> _WHAT IS EXPECTED_
Don't include pictures. Quote the lines below from the first through the line that contains "Now for the".

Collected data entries

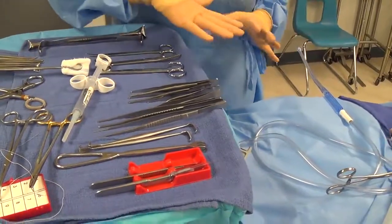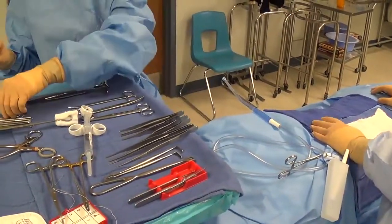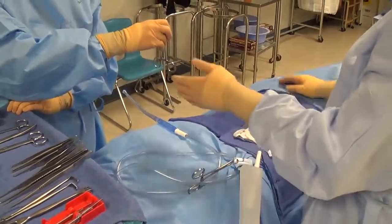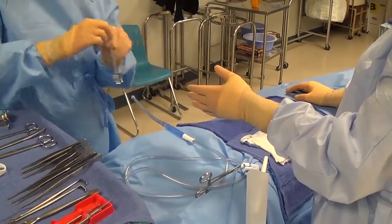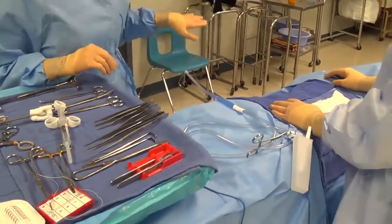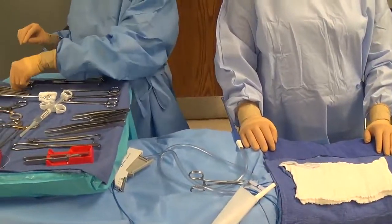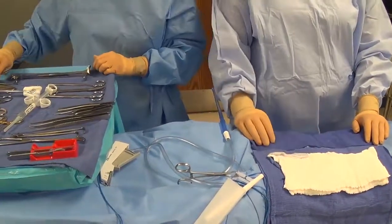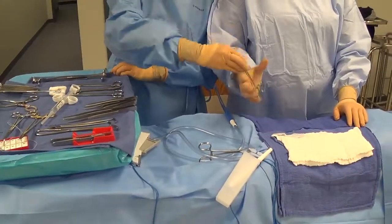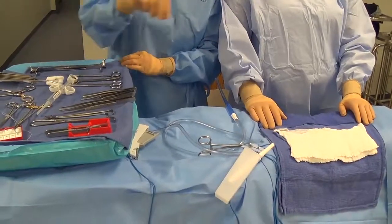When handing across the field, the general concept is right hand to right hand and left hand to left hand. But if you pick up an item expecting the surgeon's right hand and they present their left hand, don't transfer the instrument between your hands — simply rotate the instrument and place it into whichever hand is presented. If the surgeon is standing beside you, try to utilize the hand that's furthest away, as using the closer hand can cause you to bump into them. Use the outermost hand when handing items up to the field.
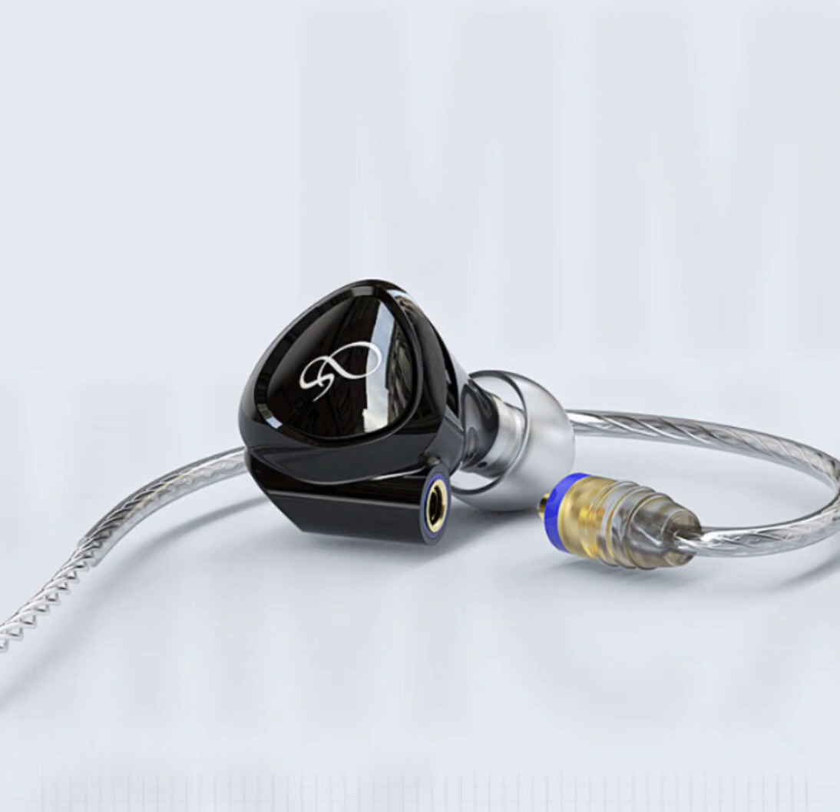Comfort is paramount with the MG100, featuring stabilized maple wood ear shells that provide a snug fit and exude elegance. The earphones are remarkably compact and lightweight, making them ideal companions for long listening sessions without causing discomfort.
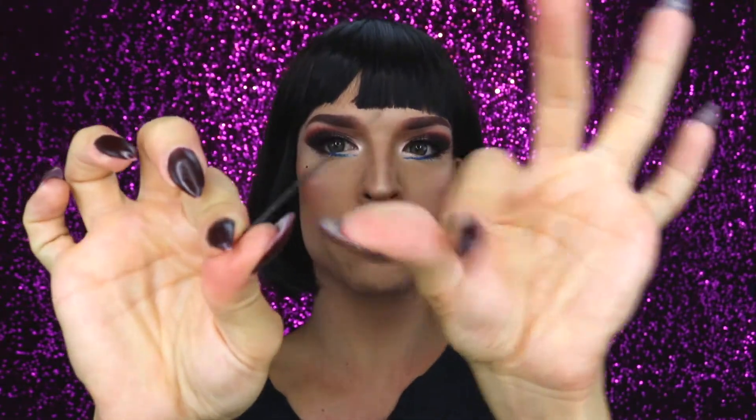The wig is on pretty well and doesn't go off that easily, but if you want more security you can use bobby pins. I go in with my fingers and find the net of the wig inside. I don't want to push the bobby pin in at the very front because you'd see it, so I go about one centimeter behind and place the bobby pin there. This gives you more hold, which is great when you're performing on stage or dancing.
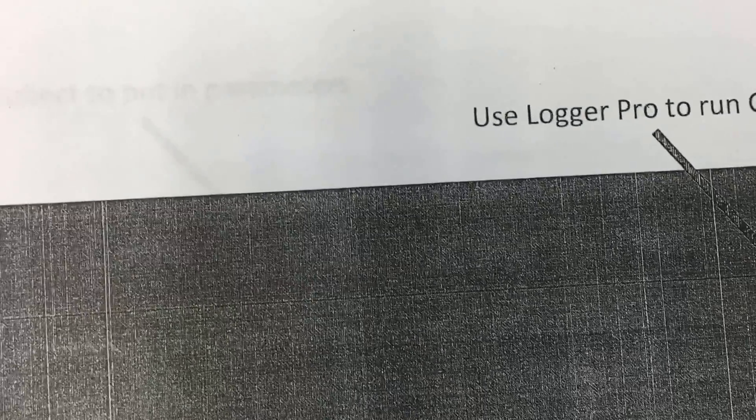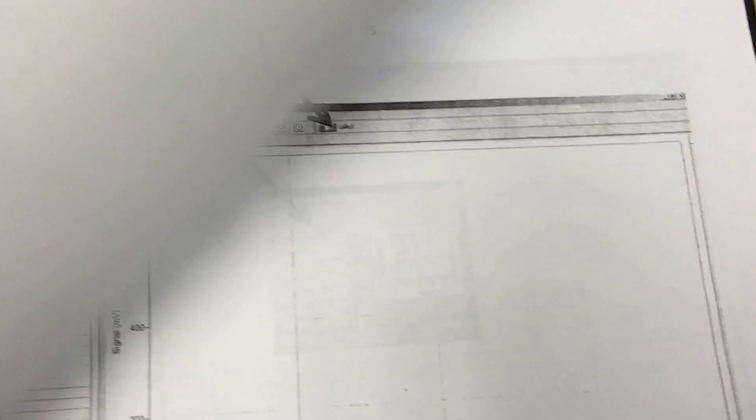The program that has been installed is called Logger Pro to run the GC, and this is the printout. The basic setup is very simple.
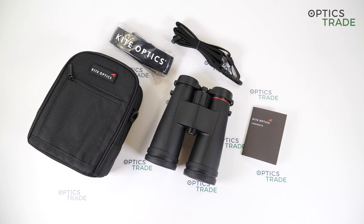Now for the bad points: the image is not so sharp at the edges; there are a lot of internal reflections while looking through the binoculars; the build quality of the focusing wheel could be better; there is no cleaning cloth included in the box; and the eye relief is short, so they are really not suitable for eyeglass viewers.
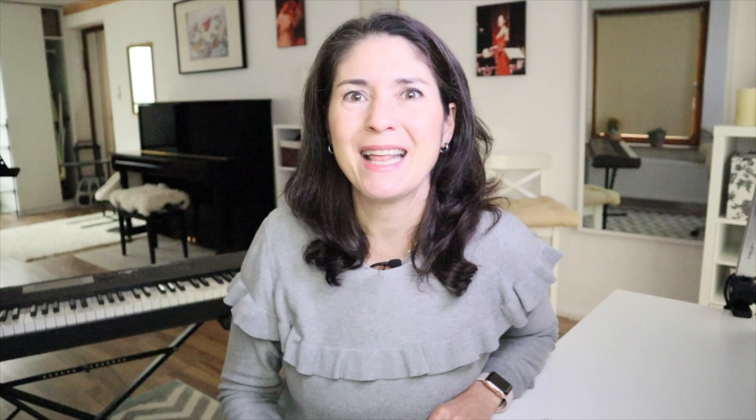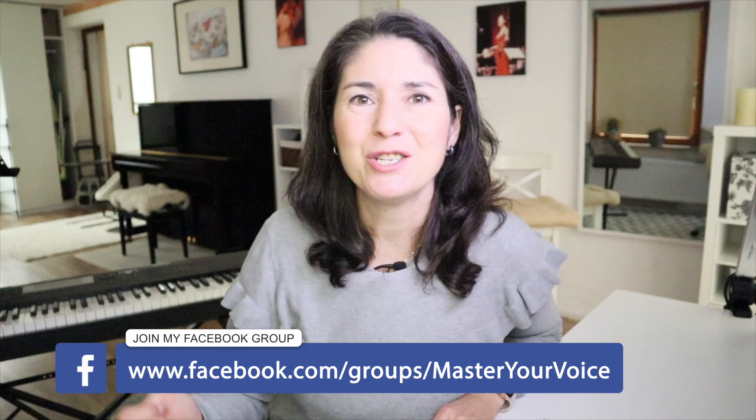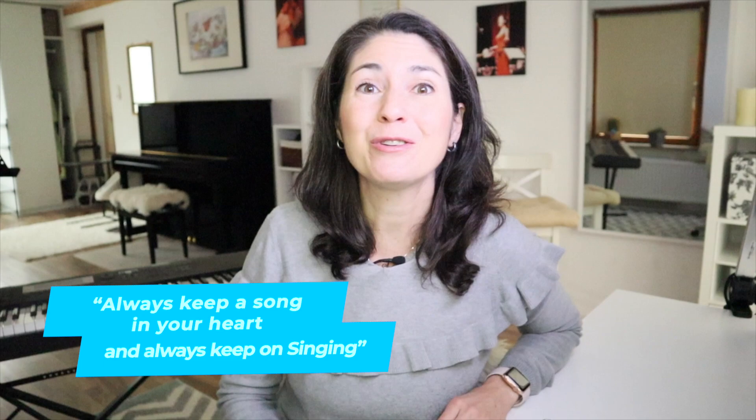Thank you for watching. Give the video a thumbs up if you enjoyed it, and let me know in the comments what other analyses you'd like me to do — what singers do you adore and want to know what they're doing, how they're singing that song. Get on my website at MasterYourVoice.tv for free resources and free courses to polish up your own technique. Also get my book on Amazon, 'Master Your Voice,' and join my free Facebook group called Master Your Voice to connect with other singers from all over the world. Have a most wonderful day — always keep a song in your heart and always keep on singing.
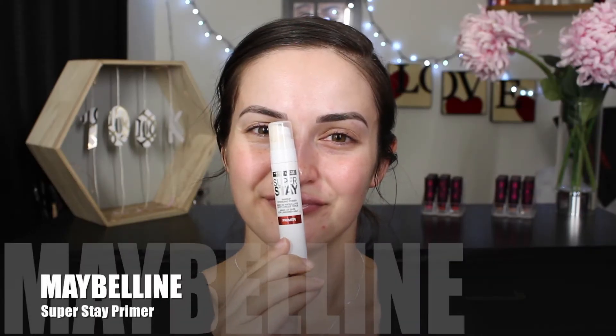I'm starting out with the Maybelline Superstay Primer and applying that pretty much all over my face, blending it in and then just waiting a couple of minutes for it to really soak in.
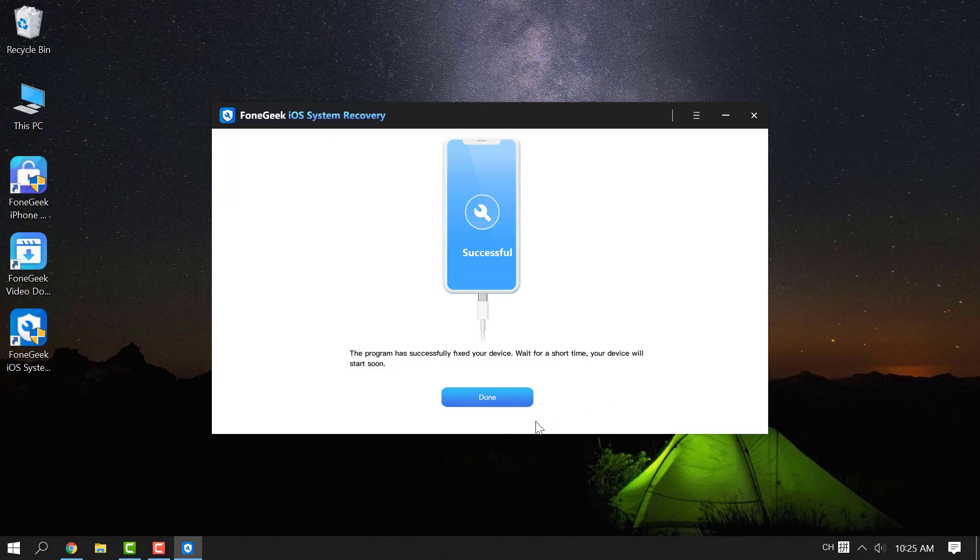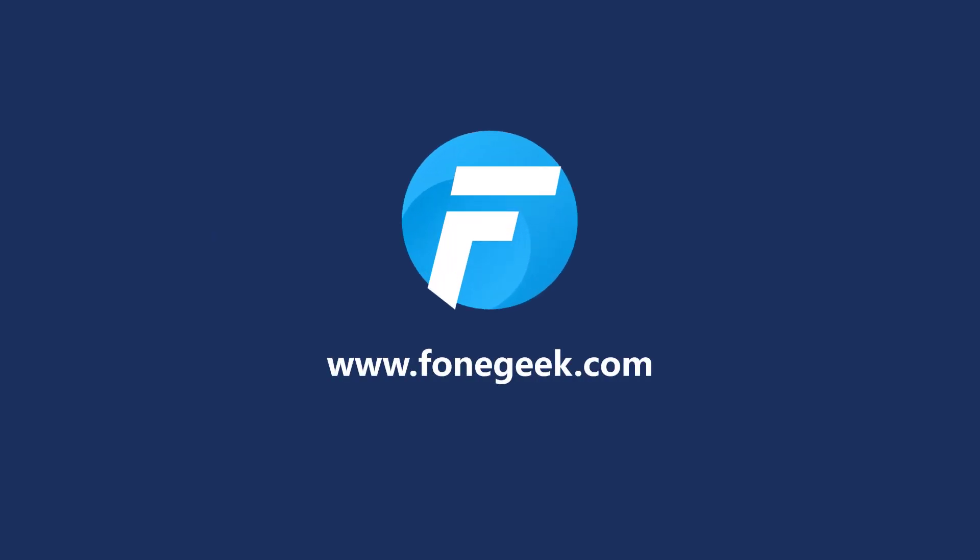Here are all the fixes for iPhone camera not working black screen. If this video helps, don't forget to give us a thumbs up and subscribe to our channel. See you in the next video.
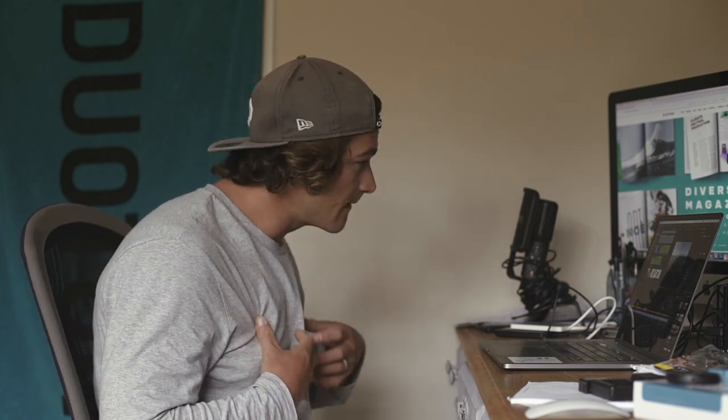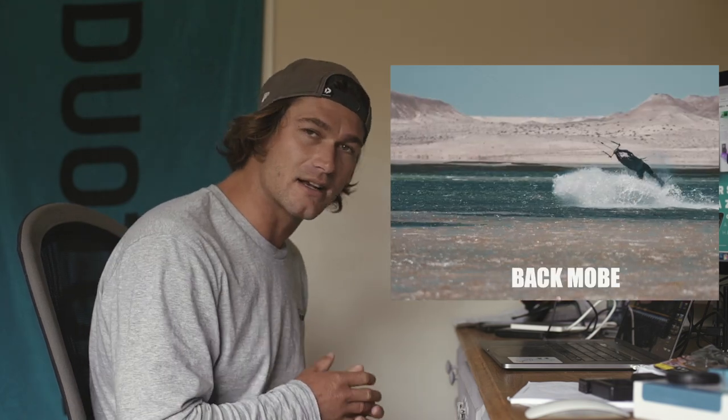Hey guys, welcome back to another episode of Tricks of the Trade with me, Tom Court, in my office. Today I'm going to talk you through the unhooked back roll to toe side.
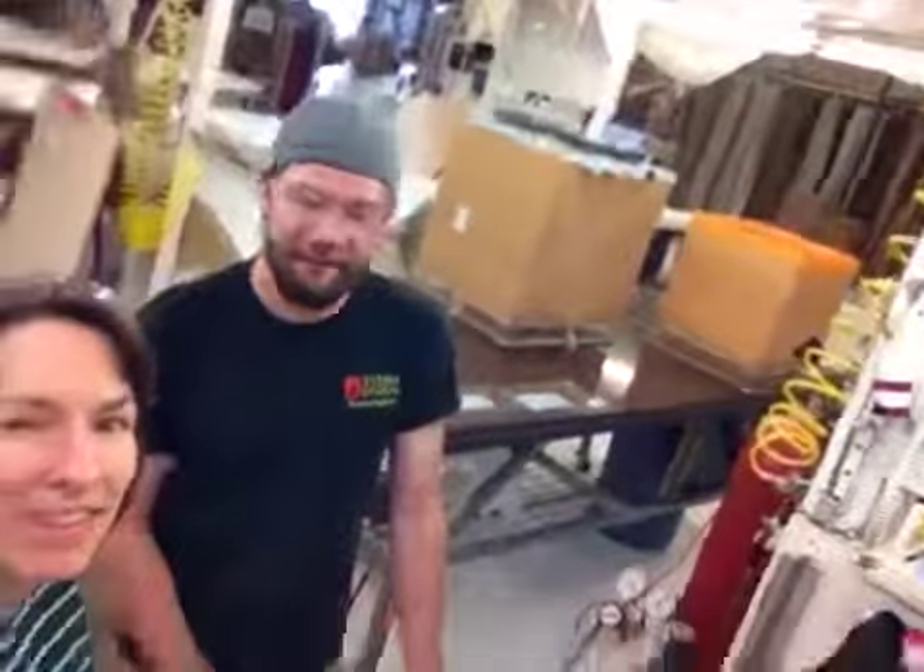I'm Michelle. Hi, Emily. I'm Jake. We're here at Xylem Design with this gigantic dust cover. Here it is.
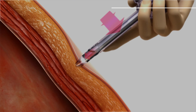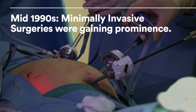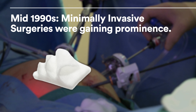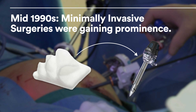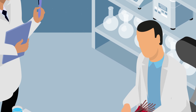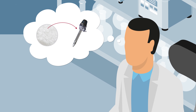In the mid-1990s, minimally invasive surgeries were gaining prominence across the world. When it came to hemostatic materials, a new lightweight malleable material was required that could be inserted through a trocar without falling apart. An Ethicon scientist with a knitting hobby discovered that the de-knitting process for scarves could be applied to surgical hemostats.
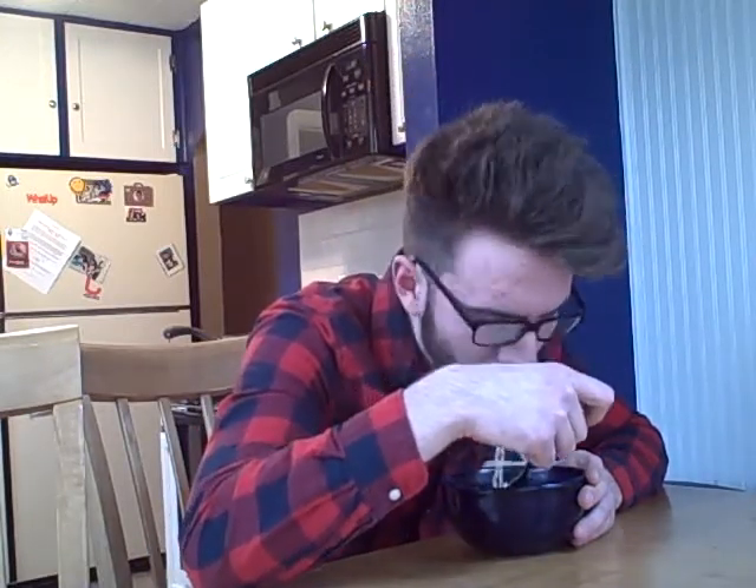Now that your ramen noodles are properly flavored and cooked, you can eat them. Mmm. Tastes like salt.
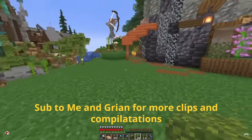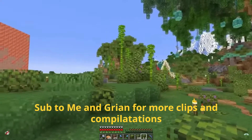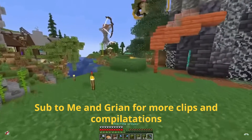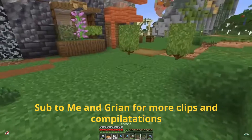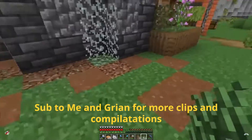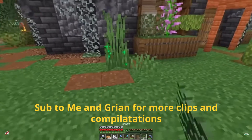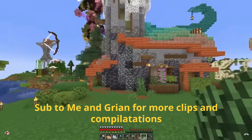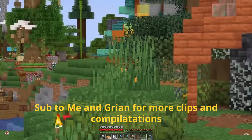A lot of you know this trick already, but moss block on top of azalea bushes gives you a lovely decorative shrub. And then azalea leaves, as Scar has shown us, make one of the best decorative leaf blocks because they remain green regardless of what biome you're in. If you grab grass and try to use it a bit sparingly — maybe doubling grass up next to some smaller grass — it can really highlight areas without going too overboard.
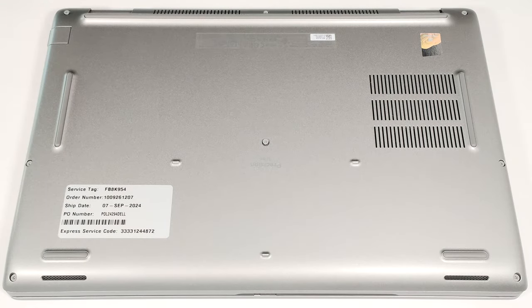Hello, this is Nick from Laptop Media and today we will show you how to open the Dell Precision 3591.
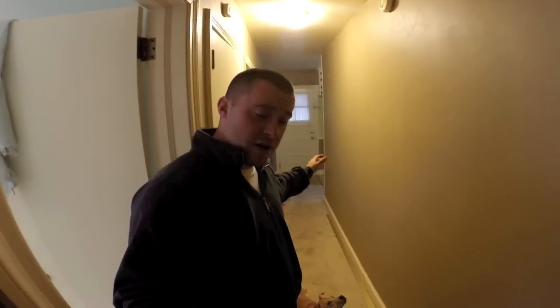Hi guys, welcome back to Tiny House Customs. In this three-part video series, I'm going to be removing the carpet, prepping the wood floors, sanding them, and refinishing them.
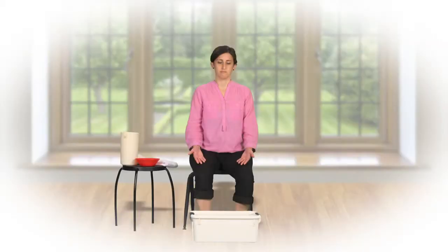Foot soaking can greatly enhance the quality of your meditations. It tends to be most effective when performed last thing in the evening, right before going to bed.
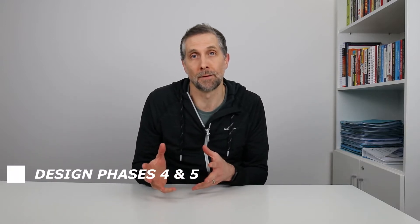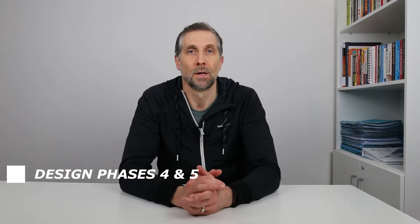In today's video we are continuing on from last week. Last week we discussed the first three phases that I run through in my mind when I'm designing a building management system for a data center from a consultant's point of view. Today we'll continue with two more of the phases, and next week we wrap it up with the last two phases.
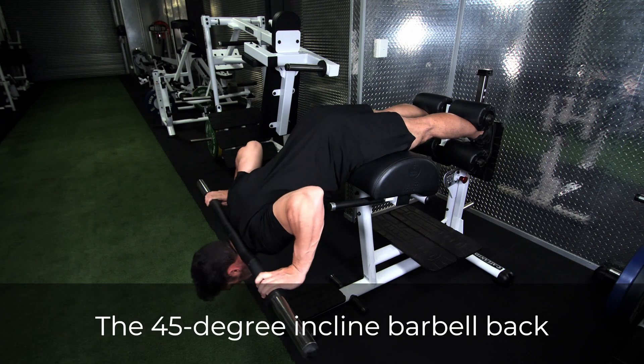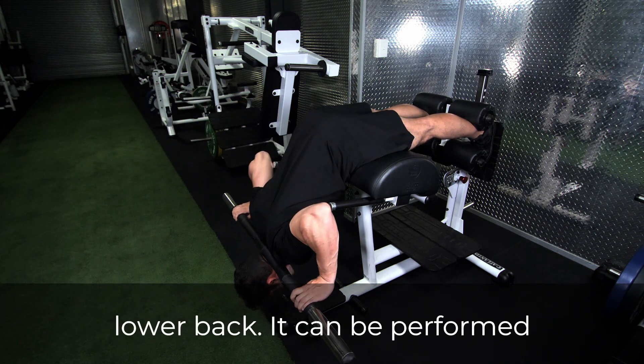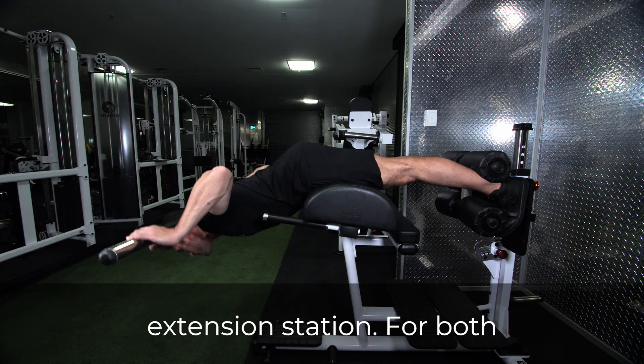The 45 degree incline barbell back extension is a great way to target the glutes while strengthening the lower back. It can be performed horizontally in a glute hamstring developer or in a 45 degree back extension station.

> _RESPONSE FOR THIS EXERCISE_
When handing across the field, the general concept is right hand to right hand and left hand to left hand. But if you pick up an item expecting the surgeon's right hand and they present their left hand, don't transfer the instrument between your hands — simply rotate the instrument and place it into whichever hand is presented. If the surgeon is standing beside you, try to utilize the hand that's furthest away, as using the closer hand can cause you to bump into them. Use the outermost hand when handing items up to the field.
Comfort is paramount with the MG100, featuring stabilized maple wood ear shells that provide a snug fit and exude elegance. The earphones are remarkably compact and lightweight, making them ideal companions for long listening sessions without causing discomfort.
The wig is on pretty well and doesn't go off that easily, but if you want more security you can use bobby pins. I go in with my fingers and find the net of the wig inside. I don't want to push the bobby pin in at the very front because you'd see it, so I go about one centimeter behind and place the bobby pin there. This gives you more hold, which is great when you're performing on stage or dancing.
The program that has been installed is called Logger Pro to run the GC, and this is the printout. The basic setup is very simple.
Now for the bad points: the image is not so sharp at the edges; there are a lot of internal reflections while looking through the binoculars; the build quality of the focusing wheel could be better; there is no cleaning cloth included in the box; and the eye relief is short, so they are really not suitable for eyeglass viewers.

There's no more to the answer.